Not to make this answer even longer, but it’s possible to reduce this “lurch” issue by careful engine tuning. Try adding more initial timing to the engine. This will improve idle vacuum. Plus, accurate idle mixture tuning will also improve idle vacuum. We had a small block Ford recently that a friend asked us to look at. The engine was idling at 10.5 inches and seemed to be very unhappy – especially in gear. By careful adjustment of the idle mixture screws, we were able to increase the idle vacuum from 10.5 inches to nearly 13 Hg. This helped the engine in gear and also improved the off-idle throttle response.
So you can see that you have lots of options – many of which can be attempted without spending any money. A slightly looser torque converter will certainly make life better and might just improve acceleration at the same time – assuming, of course, you don’t just light up those tires!
I have a Lt1 350 small block from a 1987 Chevy convertte. I swap this engine to my Chevy Nova 1977 with a TH350 transmission. It’s a big difference this engine from the original one which was carbulator. What converter should I update this transmission TH350 turbo to keep a balance with this engine.

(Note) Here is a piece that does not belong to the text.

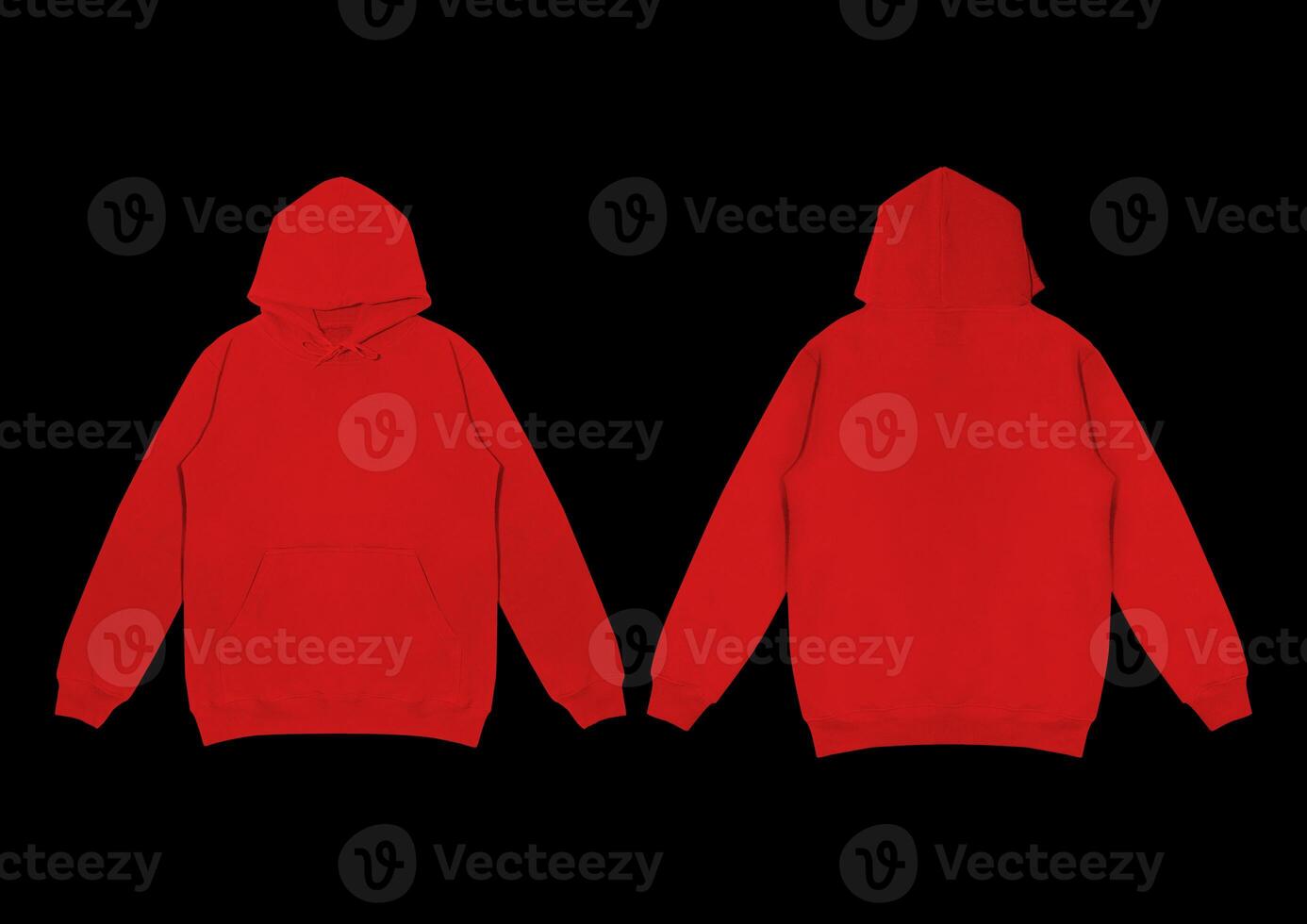 Template blank flat red hoodie. Hoodie sweatshirt with long sleeve flatlay mockup. for design and print. Hoody front and back top view isolated on white background photo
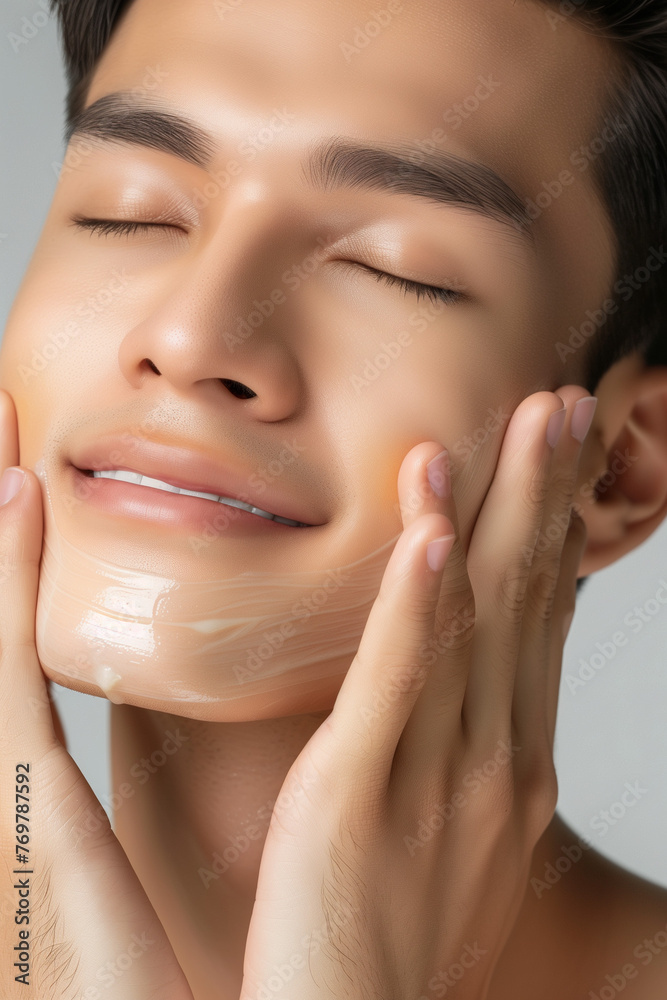 Portrait of young asian guy doing cosmetic facial mask. Man enjoys beauty treatments and personal care. People skin care concept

I have a 03 avalanche with 5.3 it is on 35″ tires tranmission from monster with a 1650 stall torque converter. I am going to be running headers and cold air intake i want to put a cam in this 5.3 but dont know what i should go with. I will be pulling a 22ft trailer with it and it is a daily driver any suggestions.
Hi,
We have a T-400 fully automatic. Seems the NEW 3200 Stall converter flashes right pass its stall and hits 5500 with out spinning the tires like its slipping bad when we just power braked it. Could the modulator with a low vacuum cause the converter to slip like this? The trans was just rebuilt with Red clutches, shift kit, etc. Yes, the trans oil was warmed up before this test. Not sure of spec T-400 pressure numbers that we could check in Park, 1st, 2nd, 3rd, but if you have them we’d love that info Main question is can the converter slip on account of this?
Thank You Ken McCan
Seattle, Wa.
Depending on who and how it was built, you should see pressures between 165-170 and max of @ 200.
Ihave an engine (350) and transmission (TH350) I had both of them rebuilt before install in my 1951 Chevrolet. I need to know correct stall converter to get Went with a small cam, 17 inch wheels The engine was bored 25 over going to eliminate the carb and fuel pump to add TPI unit from 85 firebird Can you help?